The grandparents had seen little of their son for the past decade and had never met his partner, both of whom had learning difficulties.

When the child was born she was placed with foster carers, and when council social services staff had not traced any relatives a judge ruled she should be placed for adoption.

Mr and Mrs X, who had been looking after her since December 2014, then made an application to do so.

However, in June 2015 the girl's biological parents, who had moved to another area, had a son.

Social services staff from the second council searched for relatives and traced the grandparents.

It was only then that the older couple learned about the existence of their granddaughter.

Council criticised

A High Court judge ruled she should be cared for by them, but Mr and Mrs X challenged this in the Court of Appeal, which ordered a review.

In the latest hearing, Mr Justice Cobb said experts agreed the child would suffer "trauma, distress, confusion and emotional harm" if "uprooted" from the home of Mr and Mrs X.

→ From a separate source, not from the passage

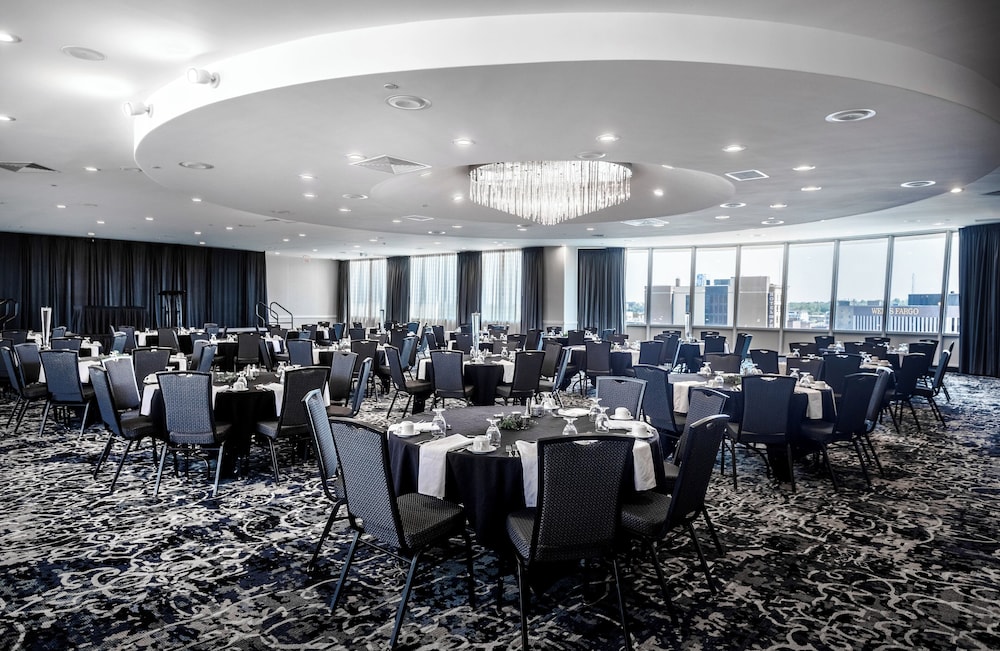 Holiday Inn Sioux Falls City Centre by IHG - photo 39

While this had to be weighed against the possibility of her suffering long-term harm and "feelings of rejection" if she stayed with her adopted family, he had reached the "clear conclusion" that this would be in the child's best interests.

He said: "Inevitably, as much as this outcome will provide great joy to the Xs, it will generate profound disappointment to the paternal grandparents."

Neither councils could be named, and Mr Justice Cobb added: "I should record that the paternal grandparents express anger at the [first] local authority for failing to take the relevant steps to trace them when proceedings were afoot in relation to [the girl] in 2014.

"They feel, understandably, that things could have been so different had rudimentary steps been taken."